In 1994, no eight-year-old girls died in Sweden. Not from poisoning or bone cancer; not from meningitis or car accidents: none. In 1994 there were 112,521 eight-year-old girls, and the following New Year’s Day they had become exactly 112,521 nine-year-old girls.
This, evolutionary biologist Armand Marie Leroi admits, is a statistical fluke. But it represents centuries of medical progress against childhood mortality. Historically, we live in a uniquely safe time. For all our fears of murder, plagues, and plane crashes, the vast majority of us will live long and die of drearily familiar ailments: heart disease, cancer, and so forth. We die from internal failures—from aging, a series of slowly unraveling genetic vulnerabilities. “Were it not for aging’s pervasive effects,” Leroi notes, “95 percent of us would celebrate our centenaries; half of us would better the biblical Patriarchs by centuries and live for more than a thousand years.”
If conquering death is medicine’s ultimate goal, then perhaps the ever shortening genetic sequences called telomeres, where a cell’s regenerative powers trickle away like hourglass sand, are the goalkeepers. But—surprise!—there are cells whose telomeres don’t shorten, and they thrive vibrantly with endless life. Cancer cells.
Oops. Turns out immortality will kill you.
Our life is a paradoxical series of simultaneously death-defying and death-inducing compromises. Nowhere is this clearer than in our own genetic heritage. “The average newly conceived human,” notes Leroi in Mutants: On Genetic Variety and the Human Body, “bears three hundred mutations that impair its health in some fashion.”
Mutants is a fascinating account of both how we are created and how we are inexorably undone. Mutation sounds frightening, and it is frightening: Humans are deformed by a nightmarish array of defects. Yet without mutations, we could not exist, for alterations in the genome have taken us far indeed. “We are, in many ways,” Leroi muses, “merely worms writ large”—albeit big, hairy, talking worms. And we are progressing still, each of us playing our part, with our personal arrays of both new and inherited mutations.

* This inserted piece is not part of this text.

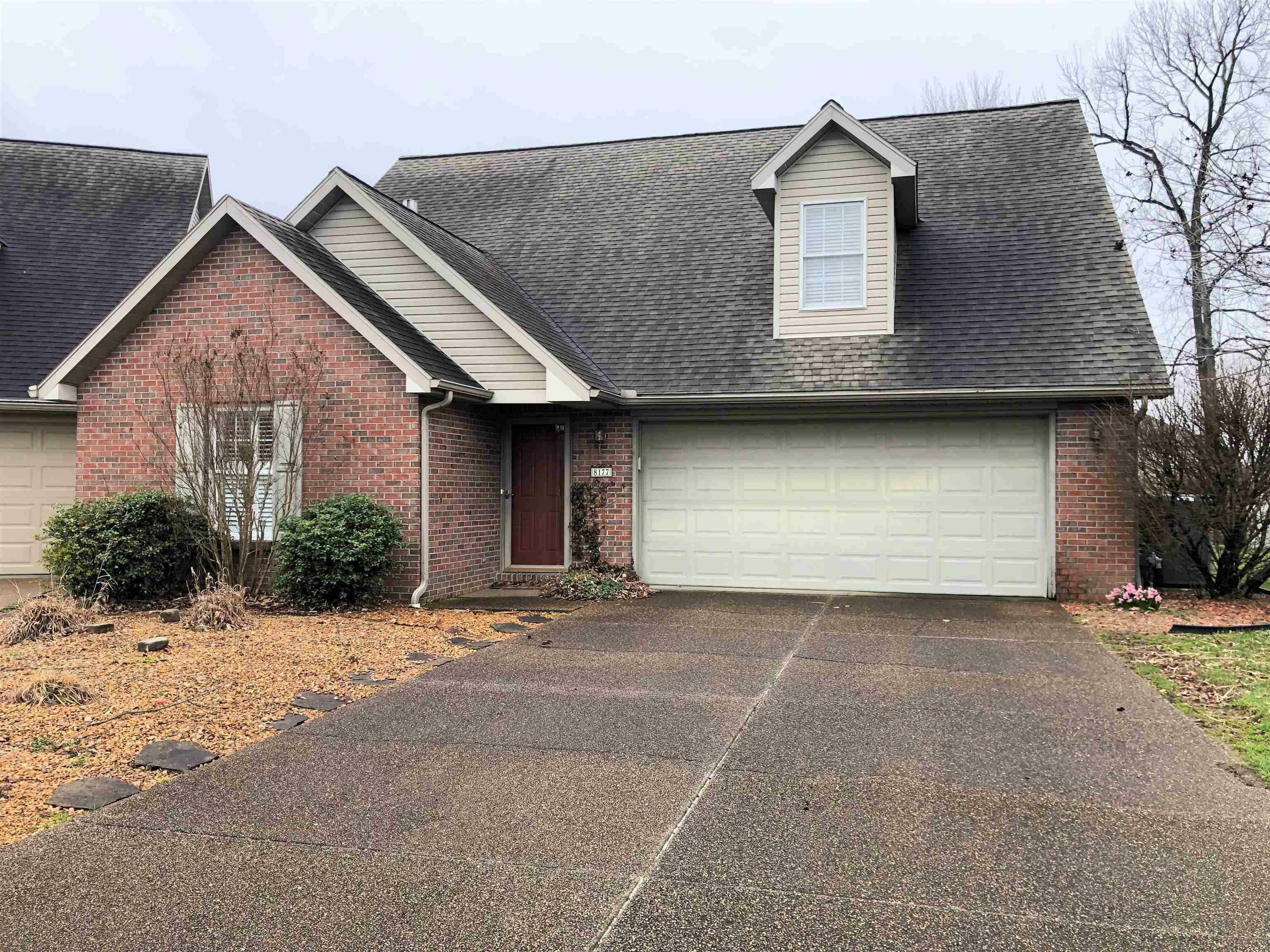 Property Photo:  8177 Cobblestone Court  IN 47630 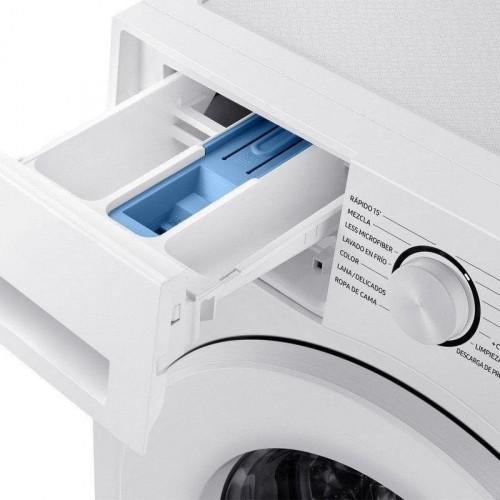 Samsung WW80CGC04DTHEC Lavadora Carga Frontal 8Kg A Blanca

In evolutionary terms, the only mutations that matter are ones that enable or disable reproduction. A set of mutations that turned men into dazzlingly attractive and virile studs who dropped dead at age 45 would, over time, beget a world filled with men dropping dead at 45. Mutations that are fatal or deter mating in youth are the only truly bad mutations. Genes that make you croak of a coronary while you are going to the mailbox for your pension check, while most unfortunate for you personally, are essentially irrelevant. Once you’ve reproduced, Mother Nature is free to toss you aside like an empty beer can. So slow-acting mutations are free to proliferate: Their combined deleterious effects get lumped under the general term of aging. This is why, decades from now, those healthy eight-year-old Swedish girls will get picked off one by one by internal flaws that they were born with.
Some mutations are barely discernible: say, left and right thumbs that don’t quite match. One in 10 adults has an extra pair of ribs, often without knowing it. (Check your X-ray next time you’re in the hospital; if you have 26 ribs, you’re in the club.) But other mutations are terrifyingly powerful: Leroi’s examples include everything from everyday killers like Huntington’s, Alzheimer’s, and Lou Gehrig’s disease to such bizarrely fatal infant mutations as a stillborn baby with a second mouth in his forehead. Leroi also recounts a child with 21 half-developed fetuses lodged in his brain, and individuals like Harry Eastlack, whose fibrodysplasia ossificans progressiva meant that with each bruise or injury, repair tissue formed as bone instead of flesh. His remains resemble a melted skeleton candle, a living stalagmite—or, as Leroi memorably puts it, a “forty-year-old man encased in another skeleton.”
The mutations in Leroi’s text push every imaginable boundary of the human form: There are hermaphrodites, cyclopes, dwarfs, albinos, and Siamese twins. Take the spectacular case of Rita Hoefling, who at age 40 had her skin change from white to black. She had the great misfortune to live in South Africa under apartheid; her white family and friends shunned her, and wouldn’t even take her back a decade later when her old skin color returned.
Pathology, Leroi demonstrates, is essential to medical progress; it is hard to know exactly what a gene does until it goes wrong. And while it is easy to describe these cases as abnormal, normality itself is a moving target. Any mutation that can reproduce has a chance at eventually becoming the norm. What was abnormal may become essential, while what was once normal may become extinct. Mutations kill and disfigure—but they are also how a species survives.
Mutants is not a book for the fainthearted; given the array of deformed baby skeletons on display, I wouldn’t recommend it to expectant parents either. And yet its deformities illuminate our forms. Leroi’s debut is a gloriously inquisitive and even hopeful journey into the making and unmaking of human beings, a recognition that genetic variation is essential to life even as it bears us down to our graves. We are all mutants; to our evolutionary ancestors, we must seem monstrously strange progeny. Or, as one 19th-century French anatomist cryptically scolded: “There are no monsters—and nature is one.”